Randy Baker of Naturalist Endeavors leads a presentation March 2 about Lewis and Clark’s expedition. In full costume and with a long table of artifacts and props, Baker addressed eight-grade classes at Thunder Bay Junior High School in Alpena, Mich., throughout the day. His appearance was made possible through the efforts of Thunder Bay Arts in securing a Women’s Giving Circle grant for the program. Baker, 67, has been providing programs for schools and other organizations for over 25 years.

ALPENA, Mich. — Over 250 Thunder Bay Junior High School students went on an adventure recently without leaving the classroom.

Randy Baker, a professional trained biologist and naturalist and owner of Naturalist Endeavors, led an interactive Lewis and Clark presentation for the eighth-grade PBL/Humanities classes.

Baker came up from Columbiaville, which is about 20 miles northeast of Flint. He grew up in Ossineke, and graduated from Alpena High School in 1973.

“When I was in high school, they actually let me leave the high school, on my motorcycle, and go to Sunset Elementary School, and take animals in to show the kids there,” he recalled. “I’ve been doing it a while.”

Baker, 67, has been providing programs for schools and other organizations for over 25 years, The Alpena News reports.

His style is to keep it interesting and fun for the students and himself, so he can provide an authentic presentation with energy and enthusiasm.

“I do two basic things,” Baker explained. “I’m an educator, first of all. I always tell people, I got out of teaching because I like to teach. I didn’t like all the hassles of the paperwork, and all that stuff, but I sure love to teach.”
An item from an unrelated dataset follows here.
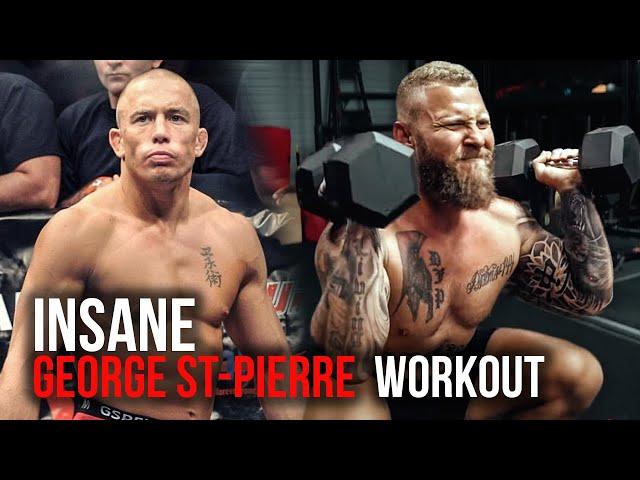 I Tried GSP's Insane MMA Workout!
Dressed as an 1800s explorer, Baker spoke to the classes as though he had been there on those first expeditions in North America.

Students listened attentively, laughing and responding to Baker’s dramatic presentation.

“I do both science and history programs, so it keeps me somewhat sane,” Baker said.

He likes a lot of variety in his programs, to keep it exciting. His presentations are never scripted.

“Scripting is called boredom,” he said.

His educational background provides the basis for his programs, but his life experience spices things up.

“My degrees are actually all in biology,” he added. “I’ve got a bachelor’s degree in biology, minor in conservation, and a master’s degree in college teaching of biology, and I did three years of doctorate work studying white-tailed deer.”

His educational background, combined with his adventurous nature and experience world traveling, make this a perfect fit for him and the students he teaches and entertains.

“I can cover more in-depth things than some people can,” he said, adding that when it comes to his programs, “each one is totally different.”

In addition to educational programs, Baker does wildlife tours around the world, to Kenya, Costa Rica, Ecuador, the Galapagos Islands, and more.

“I’ve led tours all over the United States, and most parts of Canada,” he said. “I’ve canoed in the Arctic, so I can talk about some of the routes they looked for — the Northwest Passage to the West — been there, done it. Which means you’re not just teaching what you read. You’re teaching from having done it.”

He has completed a number of long-distance canoeing trips, including one lasting over 24 hours straight.

“It was kind of fun,” he recalled of that trip, which he took seven or eight years ago.

He has canoed from under the Mackinac Bridge to Alpena three different times, canoed the entire west side of Lake Huron within a couple of miles of Port Huron, and from Tawas down to Bay City.

“I like adventure,” Baker said. “I like trying new stuff.”

This program is sponsored by Thunder Bay Arts and funded by the Women’s Giving Circle of the Community Foundation for Northeast Michigan.

“I do a variety of teaching techniques,” he added. “It breaks it up and keeps it lively.”